The olde English proverb goes something like, “All good things must come to an end.” Such is the state of my rapidly expiring tenure at CGS as a government relations research associate. It’s been a heck of a couple months, and I’ll take the experiences I had here with me forever in my professional career. Here are some of my honest reflections.
When I first showed up, I really hadn’t a clue about the inner workings of a non-profit and the space they operate in -- the abyss between the governmental and civil society spheres. To drive home the point of my alienation, it took a few weeks to get used to the layout of the office (it’s a pretty big house). But I like to think I showed up having zero expectations and an open mind, which I always try to keep with me. In this regard I always wanted to be a soft-spoken and humble sponge that showed up at the right times and took in all the right information, learning as much as possible. Just like any new work place, there was a learning curve.
Something I always try to do is observe the standard operating procedures of a workplace, both formal and informal. It took some explaining (my attention span often gets the better of me at times), but now I can confidently say that I understand the ways in which CGS operates, and, most importantly, how it communicates its messages to the masses.

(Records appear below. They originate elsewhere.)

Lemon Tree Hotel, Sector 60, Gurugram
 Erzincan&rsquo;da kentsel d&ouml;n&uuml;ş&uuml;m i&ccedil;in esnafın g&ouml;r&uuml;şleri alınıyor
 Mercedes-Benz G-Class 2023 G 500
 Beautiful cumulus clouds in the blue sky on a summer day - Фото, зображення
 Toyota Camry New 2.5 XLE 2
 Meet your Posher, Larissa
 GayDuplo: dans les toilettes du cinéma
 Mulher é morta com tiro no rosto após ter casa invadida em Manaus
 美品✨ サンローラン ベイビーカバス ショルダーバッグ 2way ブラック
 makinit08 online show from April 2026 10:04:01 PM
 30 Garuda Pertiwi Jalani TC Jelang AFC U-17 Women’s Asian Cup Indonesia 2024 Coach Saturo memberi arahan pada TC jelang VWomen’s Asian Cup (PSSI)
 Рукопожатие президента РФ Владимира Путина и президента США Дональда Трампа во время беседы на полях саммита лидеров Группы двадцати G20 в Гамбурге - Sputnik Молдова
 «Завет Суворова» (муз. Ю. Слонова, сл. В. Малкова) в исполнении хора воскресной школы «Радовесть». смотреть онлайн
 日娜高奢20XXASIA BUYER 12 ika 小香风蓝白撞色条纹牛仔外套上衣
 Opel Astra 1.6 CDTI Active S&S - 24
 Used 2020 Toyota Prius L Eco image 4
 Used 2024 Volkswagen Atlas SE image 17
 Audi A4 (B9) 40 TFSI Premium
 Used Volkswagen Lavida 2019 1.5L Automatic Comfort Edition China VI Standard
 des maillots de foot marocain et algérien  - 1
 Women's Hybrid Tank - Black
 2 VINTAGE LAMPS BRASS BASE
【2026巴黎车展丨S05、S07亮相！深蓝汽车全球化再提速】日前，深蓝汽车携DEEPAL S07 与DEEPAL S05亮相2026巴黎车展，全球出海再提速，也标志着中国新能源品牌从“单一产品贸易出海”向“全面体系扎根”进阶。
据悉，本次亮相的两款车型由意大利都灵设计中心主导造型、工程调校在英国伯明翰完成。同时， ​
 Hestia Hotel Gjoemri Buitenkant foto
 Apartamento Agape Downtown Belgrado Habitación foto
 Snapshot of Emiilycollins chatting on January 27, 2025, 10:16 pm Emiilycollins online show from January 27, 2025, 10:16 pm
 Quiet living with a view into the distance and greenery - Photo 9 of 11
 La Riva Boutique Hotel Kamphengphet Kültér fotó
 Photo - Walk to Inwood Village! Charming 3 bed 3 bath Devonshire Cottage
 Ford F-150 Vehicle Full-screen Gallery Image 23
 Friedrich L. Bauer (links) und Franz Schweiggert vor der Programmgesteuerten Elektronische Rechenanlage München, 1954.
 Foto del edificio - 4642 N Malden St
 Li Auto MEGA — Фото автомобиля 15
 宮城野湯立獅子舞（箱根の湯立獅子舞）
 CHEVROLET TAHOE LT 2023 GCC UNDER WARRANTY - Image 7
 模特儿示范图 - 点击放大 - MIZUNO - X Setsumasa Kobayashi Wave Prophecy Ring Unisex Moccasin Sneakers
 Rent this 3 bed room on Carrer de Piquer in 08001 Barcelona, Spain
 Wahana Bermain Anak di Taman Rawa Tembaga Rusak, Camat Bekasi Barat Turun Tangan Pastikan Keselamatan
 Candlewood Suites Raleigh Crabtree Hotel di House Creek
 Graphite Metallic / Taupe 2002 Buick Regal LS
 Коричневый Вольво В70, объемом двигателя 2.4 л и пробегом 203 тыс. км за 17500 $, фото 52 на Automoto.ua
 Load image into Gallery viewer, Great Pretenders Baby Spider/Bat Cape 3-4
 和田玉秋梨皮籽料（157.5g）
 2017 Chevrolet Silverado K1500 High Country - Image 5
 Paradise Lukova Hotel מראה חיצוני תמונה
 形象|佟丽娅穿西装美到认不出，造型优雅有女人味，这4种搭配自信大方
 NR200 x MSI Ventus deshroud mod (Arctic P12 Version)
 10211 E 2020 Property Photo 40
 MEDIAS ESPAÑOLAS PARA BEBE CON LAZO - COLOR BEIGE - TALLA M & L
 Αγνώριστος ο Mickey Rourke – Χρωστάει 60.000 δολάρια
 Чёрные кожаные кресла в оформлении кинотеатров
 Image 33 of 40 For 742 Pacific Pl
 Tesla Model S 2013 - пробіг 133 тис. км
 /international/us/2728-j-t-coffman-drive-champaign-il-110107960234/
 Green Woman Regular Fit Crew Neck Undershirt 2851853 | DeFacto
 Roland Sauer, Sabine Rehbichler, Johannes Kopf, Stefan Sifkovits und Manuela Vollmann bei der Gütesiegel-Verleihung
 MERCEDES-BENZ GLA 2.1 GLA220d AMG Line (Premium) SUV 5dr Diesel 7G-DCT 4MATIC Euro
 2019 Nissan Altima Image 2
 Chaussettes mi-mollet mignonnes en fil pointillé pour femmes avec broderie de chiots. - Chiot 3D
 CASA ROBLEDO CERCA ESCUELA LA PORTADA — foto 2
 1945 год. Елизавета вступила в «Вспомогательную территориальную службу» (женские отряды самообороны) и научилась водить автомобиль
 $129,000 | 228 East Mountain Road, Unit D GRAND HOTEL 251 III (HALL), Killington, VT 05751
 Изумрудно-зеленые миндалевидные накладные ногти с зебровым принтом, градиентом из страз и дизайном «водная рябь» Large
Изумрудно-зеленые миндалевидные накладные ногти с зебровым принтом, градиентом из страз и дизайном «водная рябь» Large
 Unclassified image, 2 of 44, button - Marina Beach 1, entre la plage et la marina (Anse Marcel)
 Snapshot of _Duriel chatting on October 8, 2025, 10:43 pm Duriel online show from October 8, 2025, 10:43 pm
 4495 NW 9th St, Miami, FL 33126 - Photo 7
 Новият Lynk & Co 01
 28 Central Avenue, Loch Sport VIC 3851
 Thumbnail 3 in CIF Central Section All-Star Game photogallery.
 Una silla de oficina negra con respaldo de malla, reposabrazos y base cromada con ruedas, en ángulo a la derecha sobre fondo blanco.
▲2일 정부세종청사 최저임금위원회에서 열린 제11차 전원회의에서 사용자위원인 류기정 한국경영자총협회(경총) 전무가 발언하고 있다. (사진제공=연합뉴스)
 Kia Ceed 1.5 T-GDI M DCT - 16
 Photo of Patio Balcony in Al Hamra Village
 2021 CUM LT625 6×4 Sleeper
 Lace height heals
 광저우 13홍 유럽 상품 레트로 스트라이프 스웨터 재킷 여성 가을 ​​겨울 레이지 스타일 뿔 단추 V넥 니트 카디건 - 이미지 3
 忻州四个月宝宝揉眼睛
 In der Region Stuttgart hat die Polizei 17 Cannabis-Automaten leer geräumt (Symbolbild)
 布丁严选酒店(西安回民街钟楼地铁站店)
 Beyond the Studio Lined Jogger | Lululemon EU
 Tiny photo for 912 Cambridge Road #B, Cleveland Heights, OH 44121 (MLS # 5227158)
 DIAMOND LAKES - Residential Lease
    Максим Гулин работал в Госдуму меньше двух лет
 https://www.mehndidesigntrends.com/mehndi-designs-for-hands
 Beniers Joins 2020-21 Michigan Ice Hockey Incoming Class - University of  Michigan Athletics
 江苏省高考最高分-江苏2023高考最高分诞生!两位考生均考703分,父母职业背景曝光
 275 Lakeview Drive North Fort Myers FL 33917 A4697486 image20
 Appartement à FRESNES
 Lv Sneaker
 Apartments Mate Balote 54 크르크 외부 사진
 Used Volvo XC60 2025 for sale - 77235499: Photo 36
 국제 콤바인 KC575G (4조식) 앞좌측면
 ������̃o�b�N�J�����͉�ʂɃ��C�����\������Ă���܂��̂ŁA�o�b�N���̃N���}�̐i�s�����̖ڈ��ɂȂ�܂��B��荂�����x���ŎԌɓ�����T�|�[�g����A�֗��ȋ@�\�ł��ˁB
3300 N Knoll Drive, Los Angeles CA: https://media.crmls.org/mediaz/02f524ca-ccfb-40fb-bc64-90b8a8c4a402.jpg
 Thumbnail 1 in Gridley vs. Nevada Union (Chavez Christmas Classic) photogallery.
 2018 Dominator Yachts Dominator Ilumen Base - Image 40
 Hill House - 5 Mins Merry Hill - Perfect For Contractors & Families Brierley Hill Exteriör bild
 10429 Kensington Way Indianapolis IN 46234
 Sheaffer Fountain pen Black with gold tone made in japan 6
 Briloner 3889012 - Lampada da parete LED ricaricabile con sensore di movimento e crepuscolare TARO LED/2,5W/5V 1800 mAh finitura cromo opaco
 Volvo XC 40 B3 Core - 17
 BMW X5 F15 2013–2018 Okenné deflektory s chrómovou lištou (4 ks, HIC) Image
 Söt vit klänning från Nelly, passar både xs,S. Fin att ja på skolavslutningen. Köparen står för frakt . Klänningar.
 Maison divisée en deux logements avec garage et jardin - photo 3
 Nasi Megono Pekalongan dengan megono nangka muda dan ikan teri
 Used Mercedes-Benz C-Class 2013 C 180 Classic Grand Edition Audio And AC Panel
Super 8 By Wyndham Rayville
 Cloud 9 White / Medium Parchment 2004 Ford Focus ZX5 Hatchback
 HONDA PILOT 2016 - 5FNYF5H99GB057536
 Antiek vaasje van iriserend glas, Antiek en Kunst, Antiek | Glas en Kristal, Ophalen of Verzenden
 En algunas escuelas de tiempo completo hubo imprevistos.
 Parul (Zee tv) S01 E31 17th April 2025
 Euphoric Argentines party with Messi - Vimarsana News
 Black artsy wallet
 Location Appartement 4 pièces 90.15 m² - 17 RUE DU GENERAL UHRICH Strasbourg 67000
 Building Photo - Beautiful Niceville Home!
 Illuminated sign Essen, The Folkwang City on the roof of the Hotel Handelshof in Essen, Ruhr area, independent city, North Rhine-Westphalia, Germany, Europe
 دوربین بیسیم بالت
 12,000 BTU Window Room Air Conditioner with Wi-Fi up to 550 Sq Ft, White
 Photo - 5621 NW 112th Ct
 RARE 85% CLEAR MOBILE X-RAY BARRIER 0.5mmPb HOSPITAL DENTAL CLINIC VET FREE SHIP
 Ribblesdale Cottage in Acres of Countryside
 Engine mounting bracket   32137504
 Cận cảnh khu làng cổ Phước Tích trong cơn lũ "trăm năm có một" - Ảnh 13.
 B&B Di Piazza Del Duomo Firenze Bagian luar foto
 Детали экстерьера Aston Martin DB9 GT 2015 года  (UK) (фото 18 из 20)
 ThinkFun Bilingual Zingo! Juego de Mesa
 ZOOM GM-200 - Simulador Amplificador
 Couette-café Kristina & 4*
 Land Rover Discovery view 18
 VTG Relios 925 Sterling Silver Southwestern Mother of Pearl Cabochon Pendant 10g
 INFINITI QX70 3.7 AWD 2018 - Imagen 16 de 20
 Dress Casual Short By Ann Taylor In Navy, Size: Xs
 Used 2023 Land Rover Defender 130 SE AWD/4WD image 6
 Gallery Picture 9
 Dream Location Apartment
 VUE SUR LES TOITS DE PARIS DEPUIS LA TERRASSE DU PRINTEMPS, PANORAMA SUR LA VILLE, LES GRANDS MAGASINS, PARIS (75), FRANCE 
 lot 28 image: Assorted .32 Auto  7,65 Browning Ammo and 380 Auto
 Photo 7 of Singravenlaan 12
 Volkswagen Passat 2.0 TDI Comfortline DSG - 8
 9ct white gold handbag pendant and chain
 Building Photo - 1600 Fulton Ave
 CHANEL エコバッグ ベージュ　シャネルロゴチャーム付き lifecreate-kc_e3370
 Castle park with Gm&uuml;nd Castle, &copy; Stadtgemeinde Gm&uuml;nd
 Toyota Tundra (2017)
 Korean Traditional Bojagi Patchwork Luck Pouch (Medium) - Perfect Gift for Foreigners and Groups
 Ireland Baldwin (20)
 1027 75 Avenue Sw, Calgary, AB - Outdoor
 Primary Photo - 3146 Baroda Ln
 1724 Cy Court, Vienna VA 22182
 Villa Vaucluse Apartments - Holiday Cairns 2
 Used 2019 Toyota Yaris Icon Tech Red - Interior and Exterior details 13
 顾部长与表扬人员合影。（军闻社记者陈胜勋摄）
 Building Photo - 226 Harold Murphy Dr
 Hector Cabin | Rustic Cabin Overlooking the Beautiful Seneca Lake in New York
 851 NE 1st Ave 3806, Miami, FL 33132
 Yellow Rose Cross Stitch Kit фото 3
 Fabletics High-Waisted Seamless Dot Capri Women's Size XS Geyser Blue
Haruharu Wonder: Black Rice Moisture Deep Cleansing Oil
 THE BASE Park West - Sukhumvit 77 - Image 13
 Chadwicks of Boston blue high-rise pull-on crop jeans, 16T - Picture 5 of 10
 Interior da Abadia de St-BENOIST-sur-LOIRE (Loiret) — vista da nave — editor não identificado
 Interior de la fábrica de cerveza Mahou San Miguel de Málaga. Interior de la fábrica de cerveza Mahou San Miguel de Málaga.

I’ve had previous work with government at the state level in the great commonwealth of Pennsylvania, so working through government institutions was not something foreign to me. Approaching government from the non-profit angle, however, was refreshing. It was fantastic to work with a political action committee that had a relatable and sincere platform: to support candidates who champion a responsible role for the US in the international realm to solve global problems effectively.